Is it a misconduct? I was terminated and denied unemployment insurance.

Patient was not harmed. I started practicing under my RN license of Oklahoma 7 month ago. This was my first nursing job and I relocated for it (paid my relocation twice) from Texas to OK and back, when lost the job. The real reason for termination was a snow storm and I could not drive to work from the place I lived. I called the emergency truck to pick me up. My manager was furious and called me to her office few times for another reason. I was so fearful that she is going to fire me and I made an error. The time I found about it was next day in Human Resources, when I was fired. No variance report, no calling doctor for back IV order, no disciplinary, just simply terminated for misconduct.

Word MISCONDUCT bothering me. This is just a human error, which happens every day in hospitals!!! This was a personal issue not a misconduct. So, I filed the appeal for hearing with employer. At least my OK license is still displayed current online.

It is so hard to find an employment with only 7 months of experience! I believe that my 7 months of hard work 84 hours per pay period allow me to be qualified for unemployment insurance. I am just a human who wants to work, I am not asking for welfare.

Please, advise me what to do. If anyone was in similar situation. Thank you!

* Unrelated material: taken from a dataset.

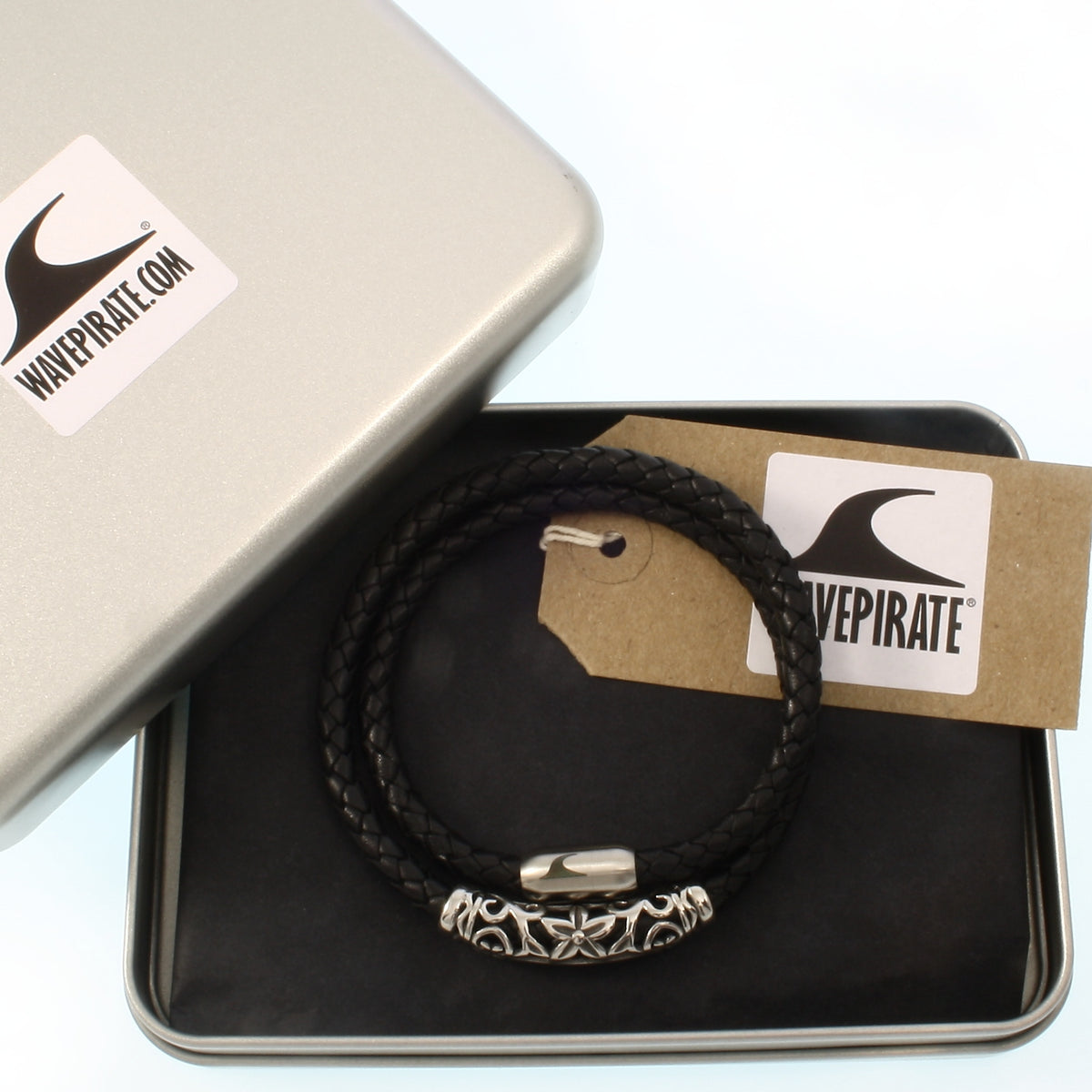 lederhalskette-herren-damen-schwarz-silber-xo-geflochten-Edelstahlverschluss-geschenkverpackung-wavepirate-shop-f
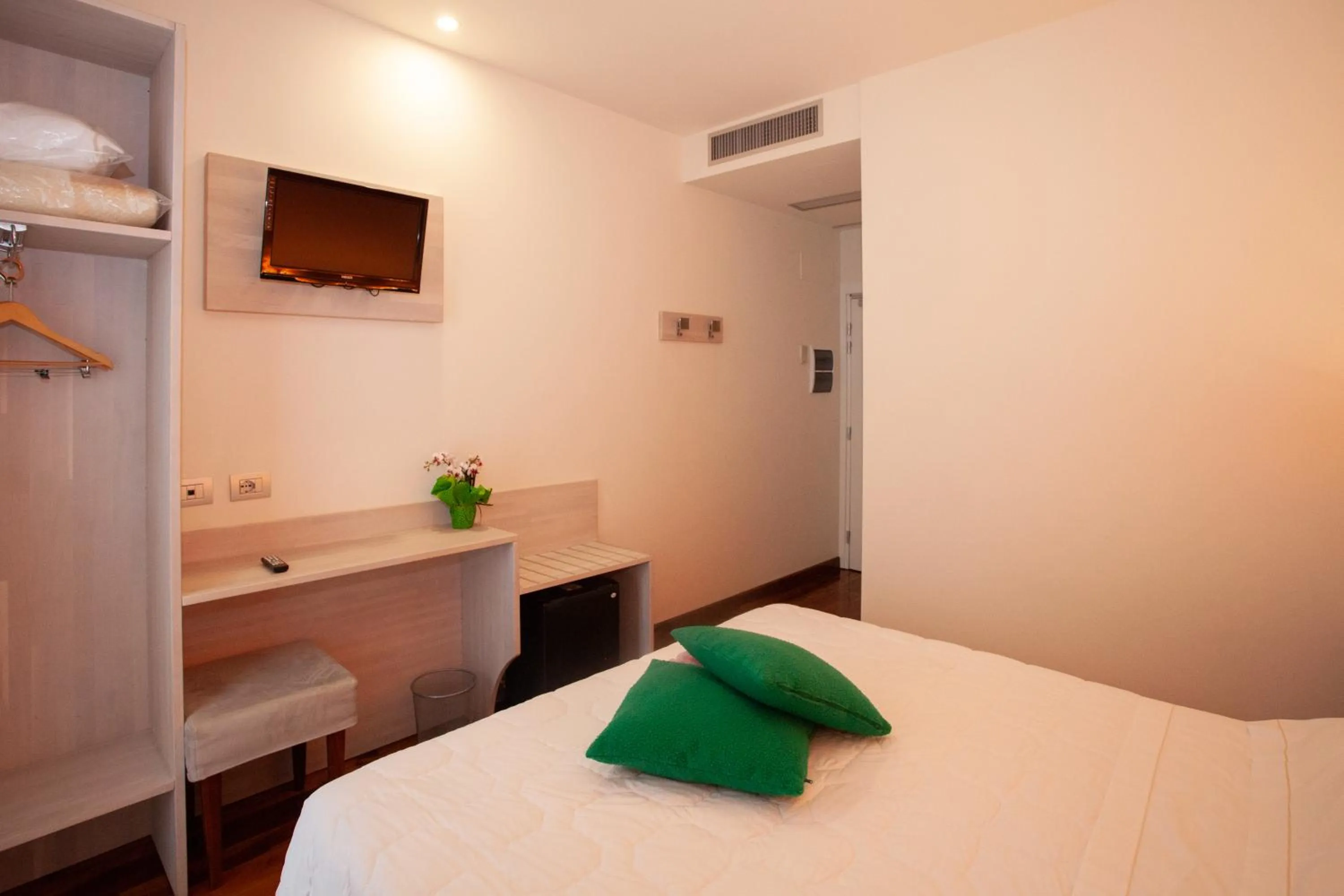 Bed in Hotel Giardino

I didn't think demerol IV or IM( esp. IM), was being given anymore? Because of the risk of seizure. I though the gold standards post op was Morphine or Dilaudid. I was under the impression it was only still being given for conscious sedation and rigors.

Specializes in FNP-C.
I didn't think demerol IV or IM( esp. IM), was being given anymore? Because of the risk of seizure. I though the gold standards post op was Morphine or Dilaudid. I was under the impression it was only still being given for conscious sedation and rigors.

We rarely give demerol also because of the potential build up of metabolites (normeperidine) that could be associated with increased risks of the seizure. ESPECIALLY in the elderly. If this nurse was giving it for pain, then yeah PO or IM is preferred. I think you can even still give it as an IV but slowly every 4 hours as needed..or continuously at about 15 mg per hour, correct me if i'm wrong, but the max would be 30 or 35 mg per hour? Again, we rarely give it. Even for moderate sedation (formerly conscious sedation), it's not being used as much as Ketamine, pentobarbital, propofol, dexmedetomidine (procedural sedation, intubations, LMA, etc. But unless you were (including but not limited to) an ICU nurse in an ICU, I don't think medsurg nurses would be administering these sedatives.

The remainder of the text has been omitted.